A couple days ago, I watched on youtube “The Most Painful Thing I have Told”. They shared about their feeling after they heard the unexpected news from other people. Based on the video, I got things being able to understand or learn. From now on, I have to watch and think about my language before I say it to people. In addition, I have to stop judging people because I have never been in their shoes before. I know nothing about their pains, experiences, feelings, etc. It can be concluded that I don’t have a right to judge others. They might be better and brilliant compare to me.

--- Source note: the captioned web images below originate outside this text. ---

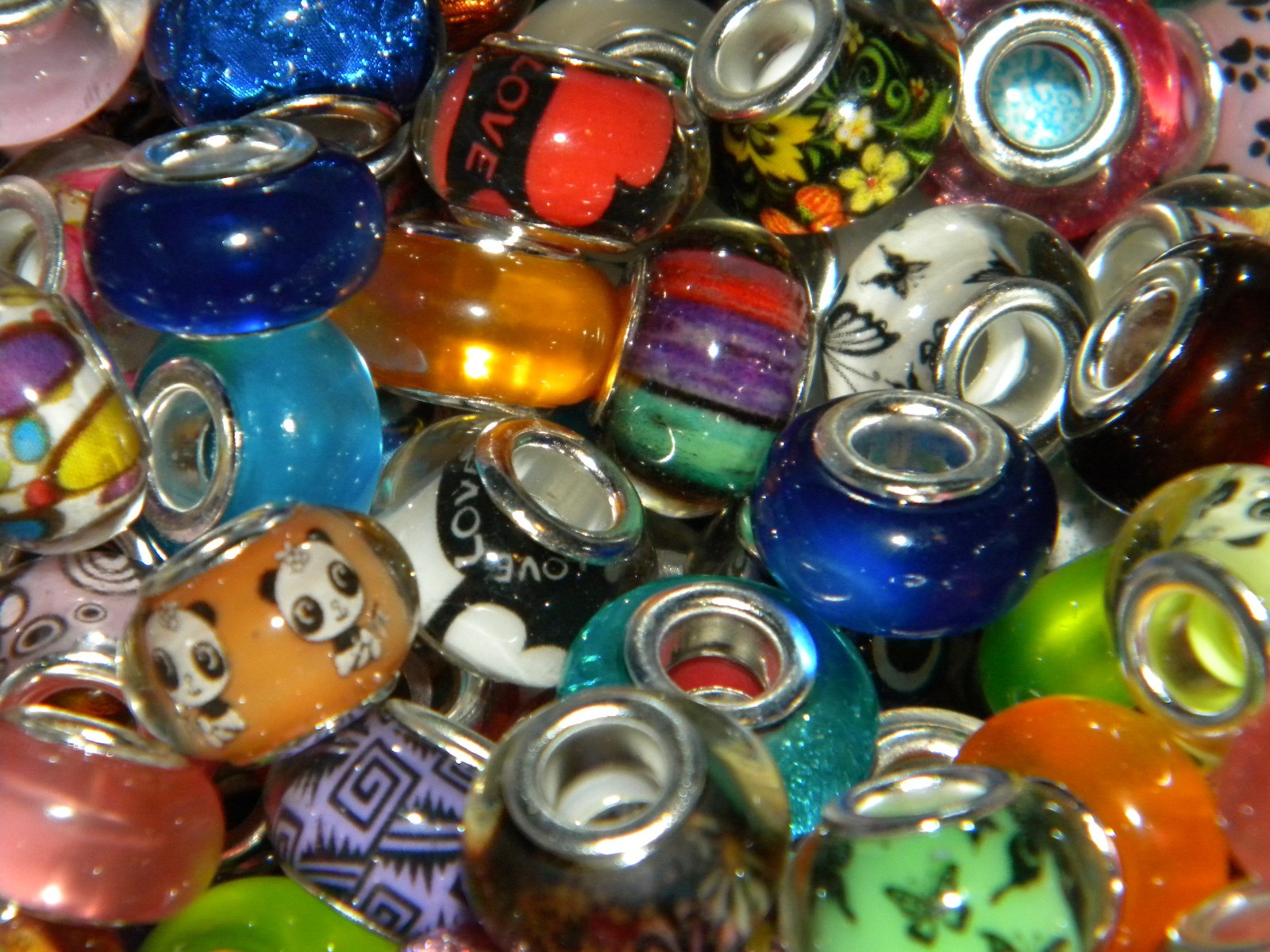 NEW 300/Pc COLORFUL High Visual Mixed 14mm RESIN European Beads lot (200)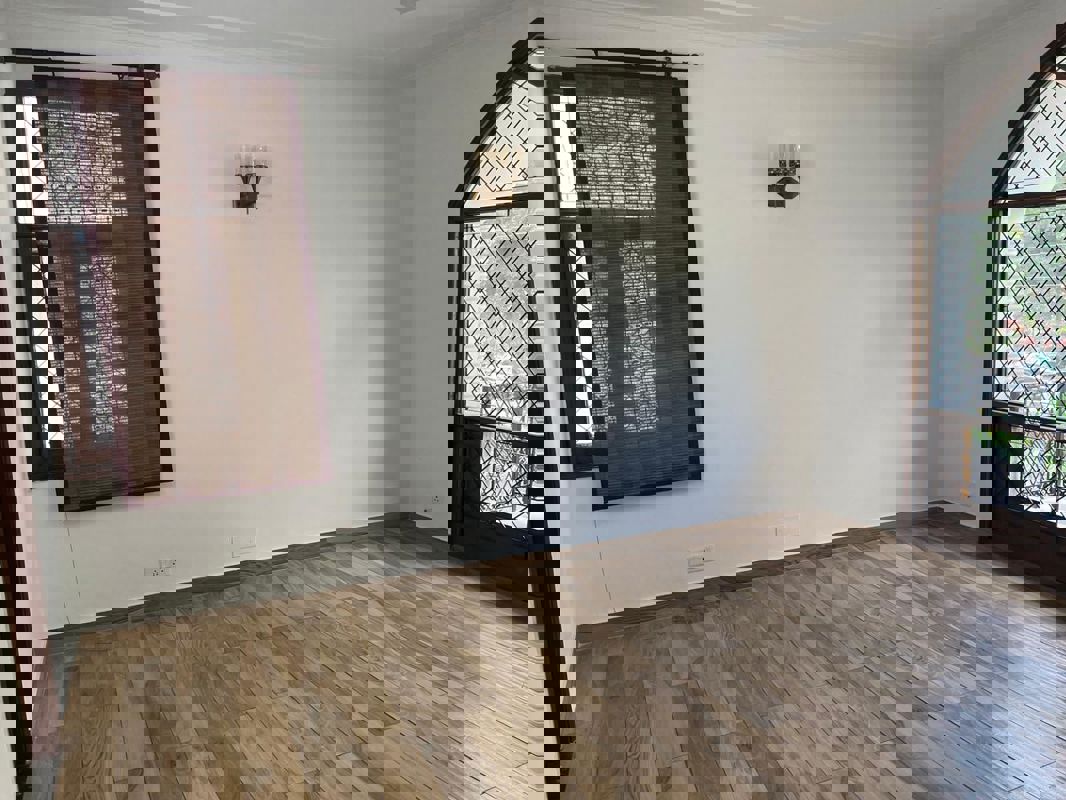 1 BHK Builder Floor For Rent in Sector 12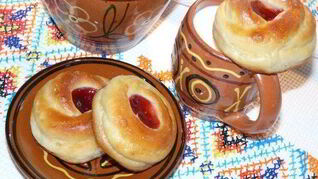 Дрожжевые булочки с ягодным джемом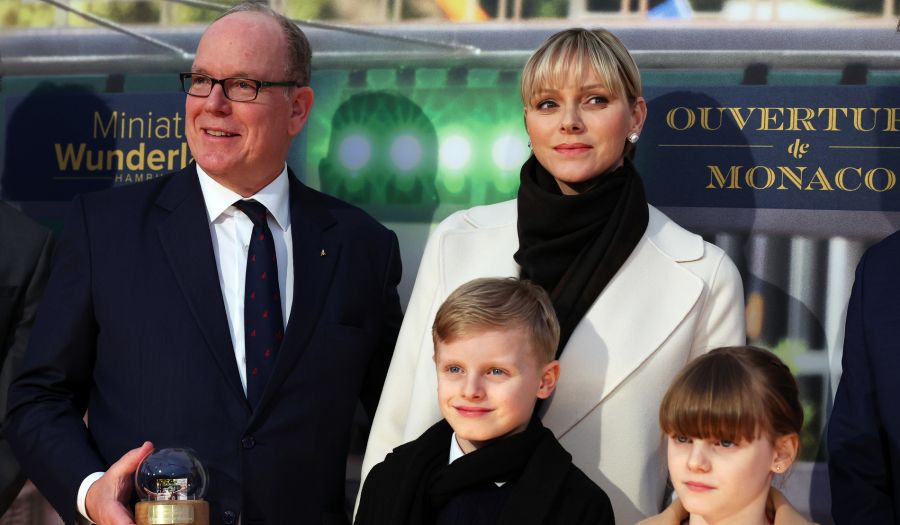 Fürstin Charlène mit Famile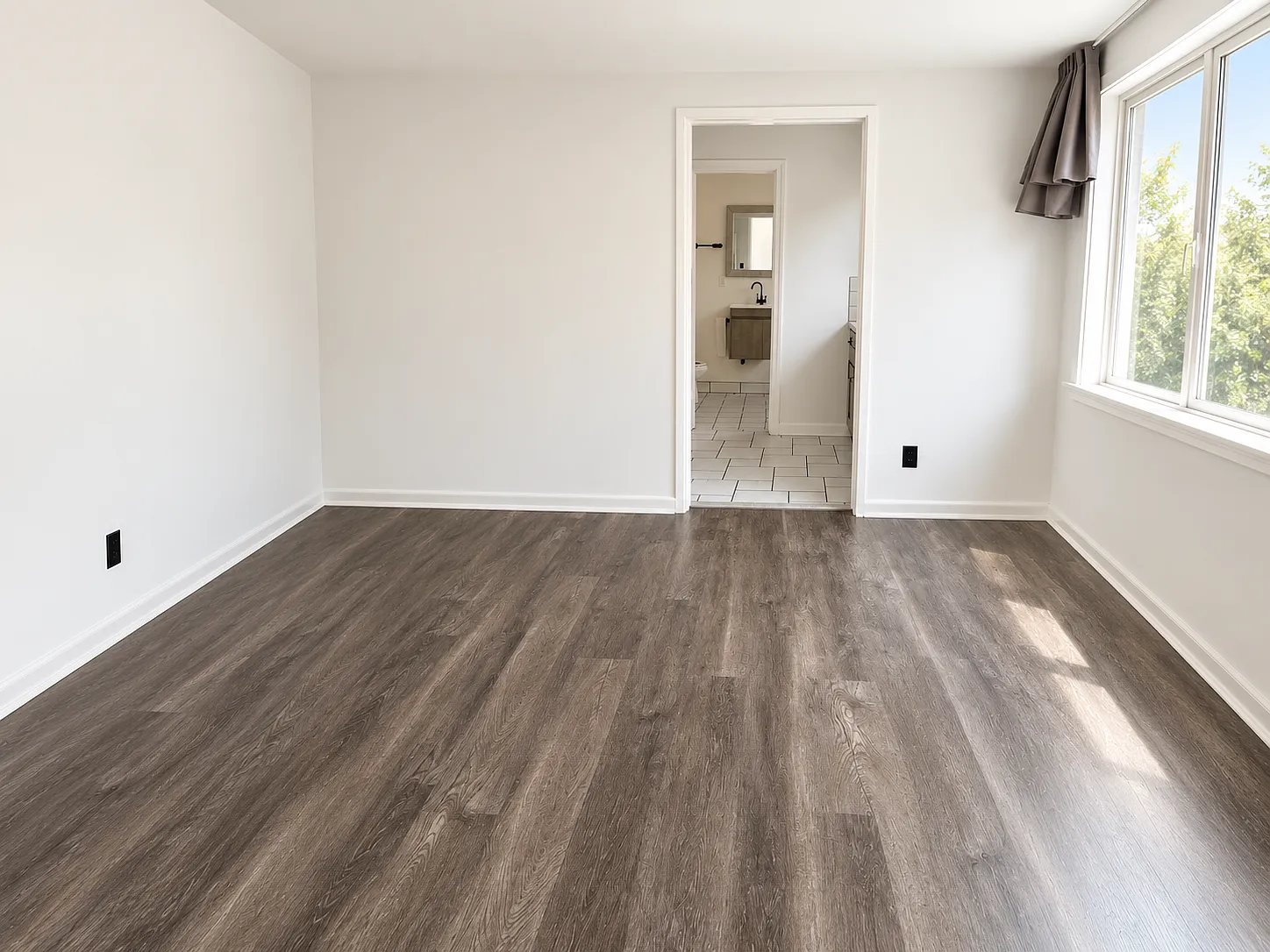 819 S Grevillea Ave — Photo 4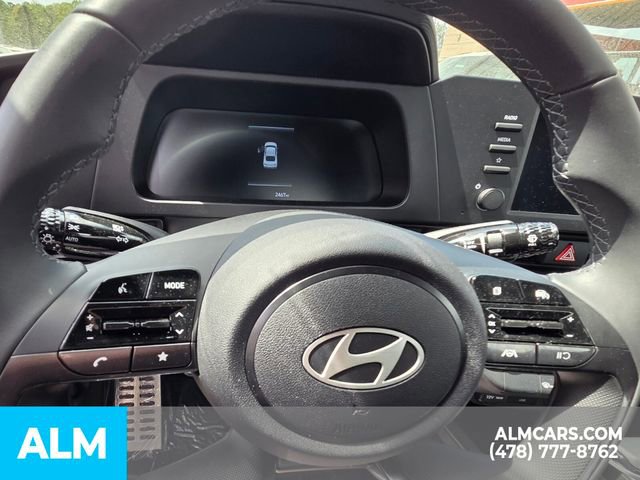 Used 2025 Hyundai Elantra Sport image 22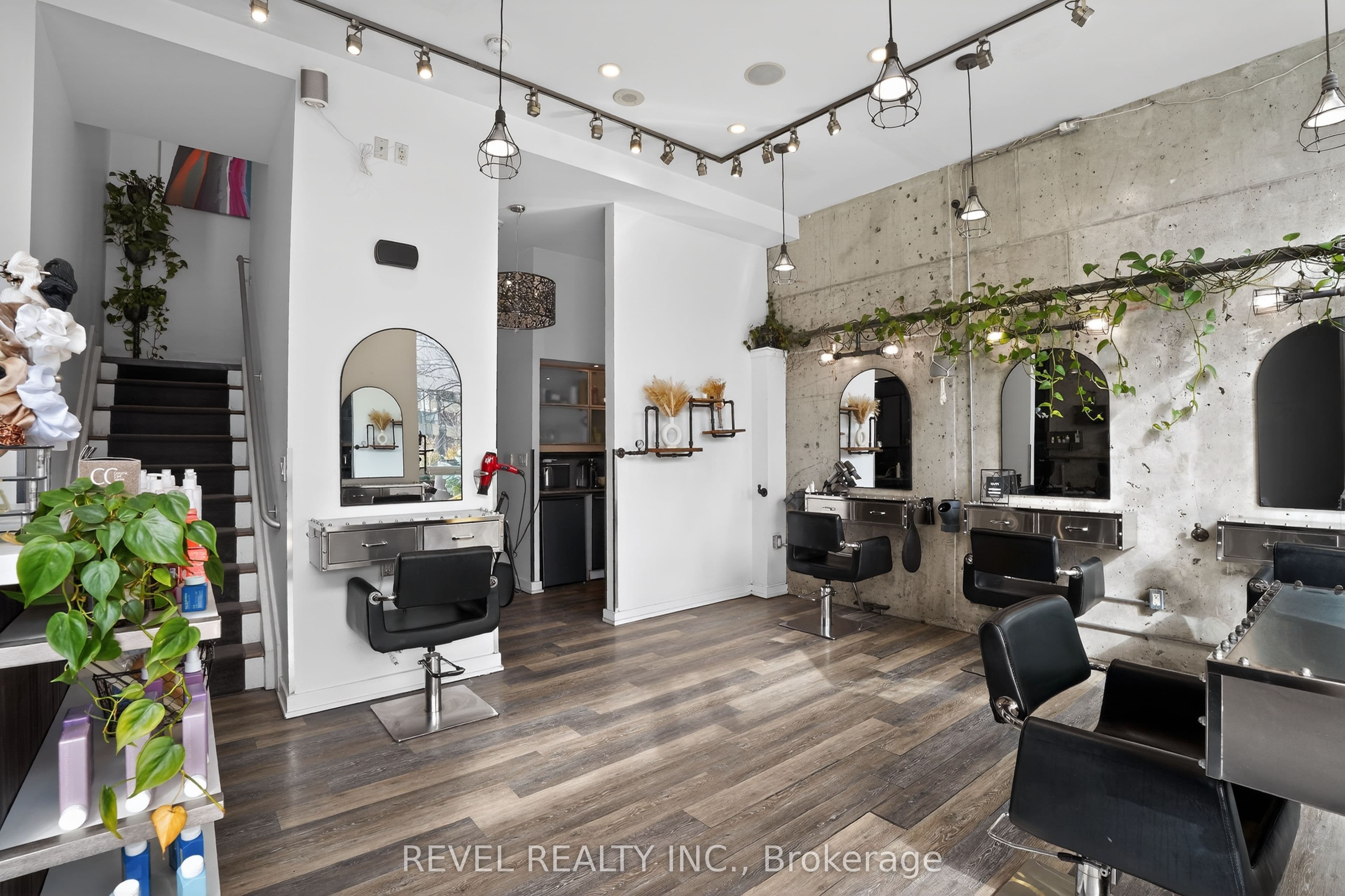 40 Fort York Boulevard G05, Toronto, ON M5V 3Z3
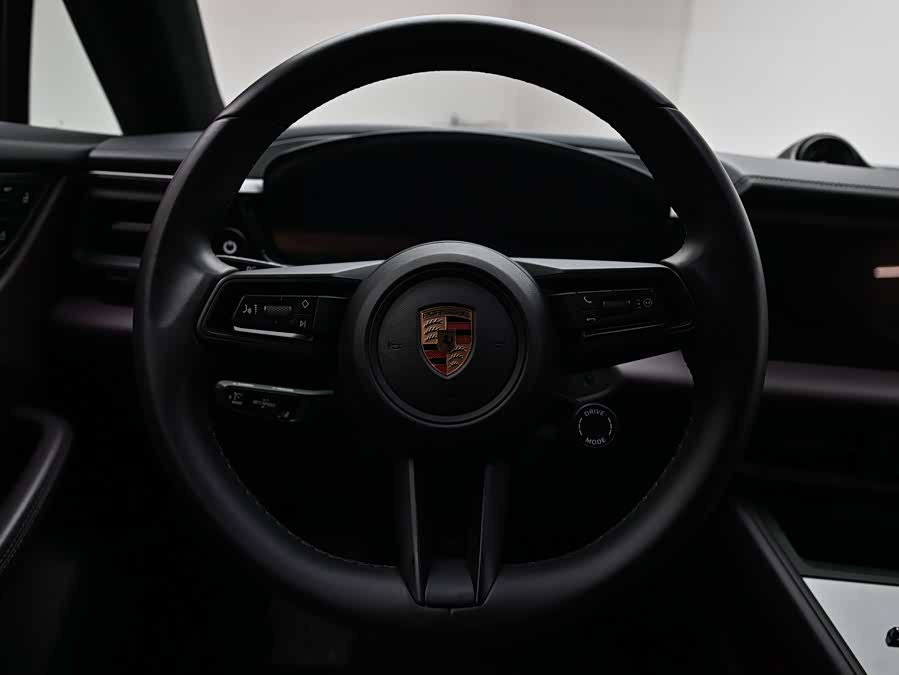 Porsche Macan New Energy 2024 — фото 11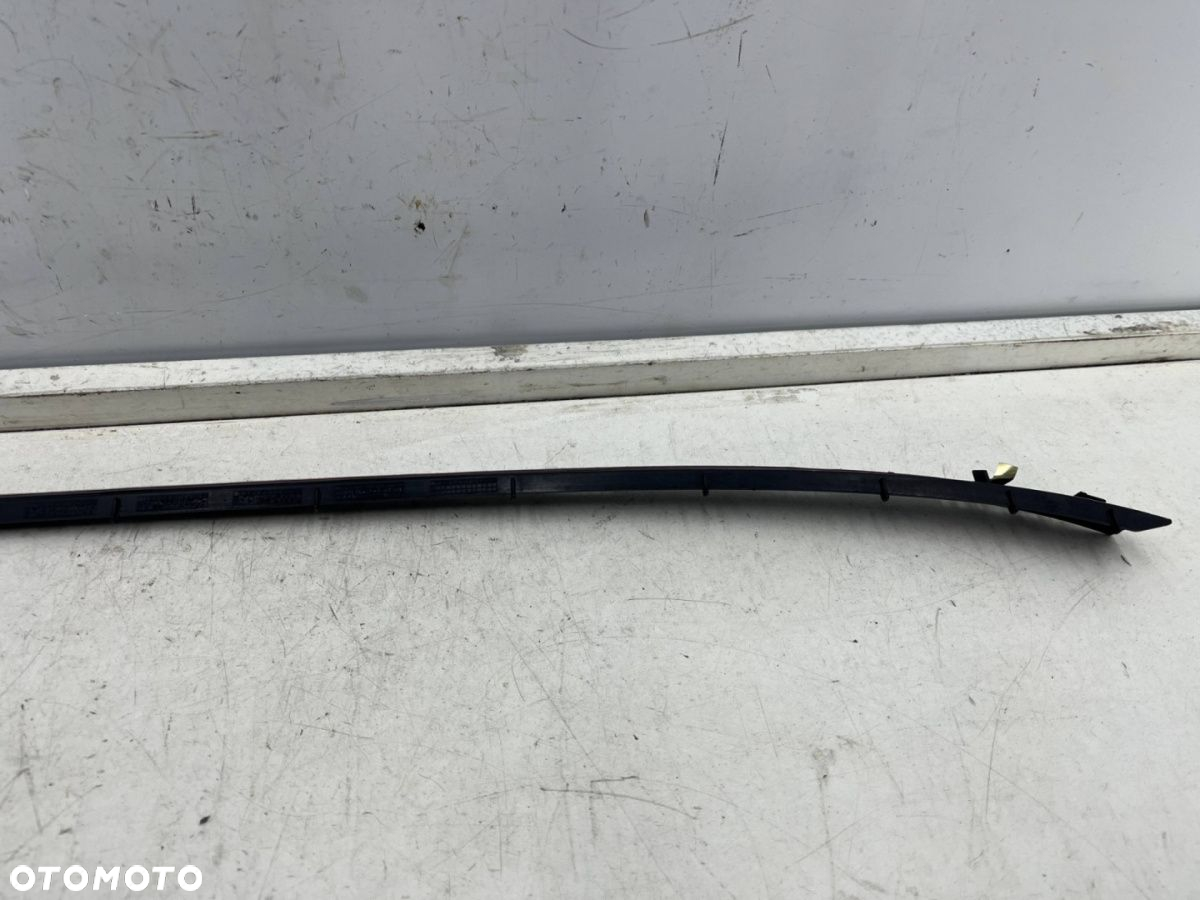 Listwa Ford Focus MK3 10-19r. prawy ślizg listwy zgarniającej szyby czołowej montażowa NOWA - 7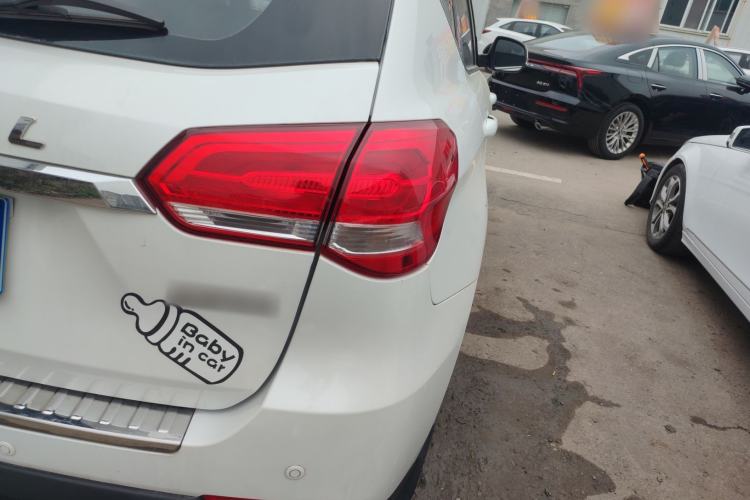 Used Haval H2 2017 Blue Label 1.5T Manual Two-Wheel Drive Elite Model Exterior 3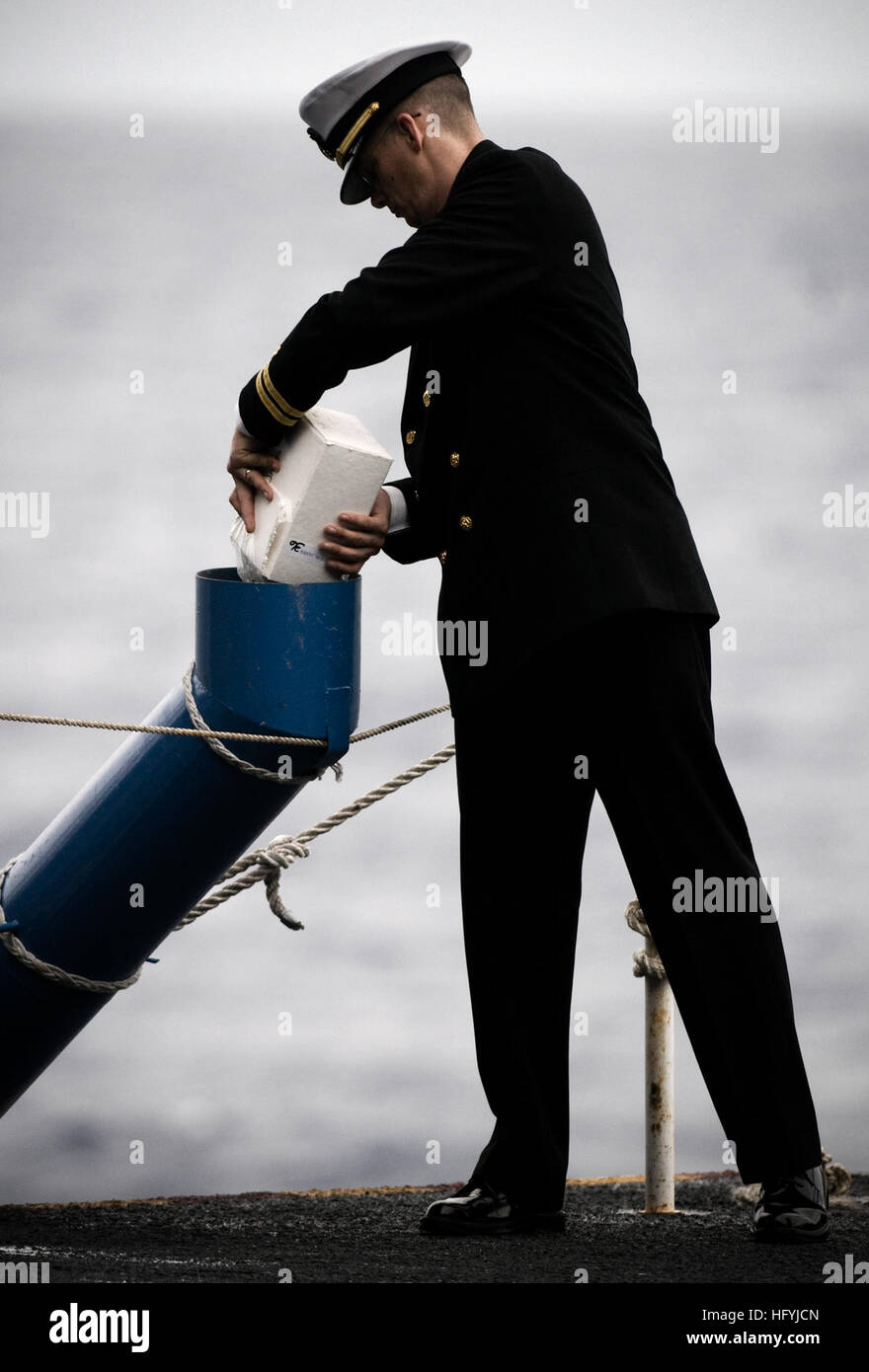 101227-N-2055M-606 OCEANO PACIFICO (dec. n. 27, 2010) Lt. Jeffreys Ross, cappellano del comando a bordo della portaerei USS Carl Vinson (CVN 70), impegna le ceneri di un ex membro del servizio all'oceano durante la sepoltura in mare. Carl Vinson e Carrier aria Wing (CVW) 17 sono su una distribuzione per gli Stati Uniti 7 E STATI UNITI Flotta di 5 aree di responsabilità. (U.S. Foto di Marina di Massa lo specialista di comunicazione di terza classe Travis K. Mendoza/RILASCIATO) Navy US 101227-N-2055M-606 Lt. Jeffreys Ross impegna le ceneri di un ex membro del servizio all'oceano durante la sepoltura in mare Foto Stock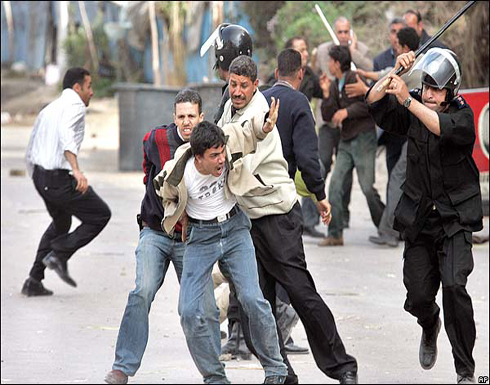 تقرير: حقوق الإنسان في مصر وصلت إلى أدنى مستوياتها تقرير: حقوق الإنسان في مصر وصلت إلى أدنى مستوياتها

In this story, I would like to tell you guys about the most painful thing I have ever heard in my life. To be honest, it is kind of difficult for me share this experience but I dare myself. I hope this story can change people perspective about others. Although it is a joke, sometimes your words may hurt other people feelings.
So, what is the most painful things I have ever heard in my life?
You Are Not My Child!
When I was a child, I was not a good kid. I broke all the rules made by my parents. I loved to climb a tree, played with the mud, and loved to swear. Things that’s hated the most by my mother were things I loved to do. I had tried to convince my other that’s okay to play with boys, cats, and dogs. To obey all the rules she made is the most important things. Oh, Dude! It was so difficult for me.
If I had done something wrong, my mother would hit me. Sometimes, she grabbed my clothes and locked me outside the house in the evening. Naked. It sounded irrational, but it was true. It happened when I was 6 years old. At that time, I melted down because my mother did not let me to stay at my brother house. All of my clothes were dirty, mud is everywhere. Then, she got angry to me. She kept the doors locked until 11 pm.
I cried like a river and I hoped my father would help me to fight my evil mother but he did nothing. He just drank a cup of coffee and ate some biscuits. Then, I started to hate my father.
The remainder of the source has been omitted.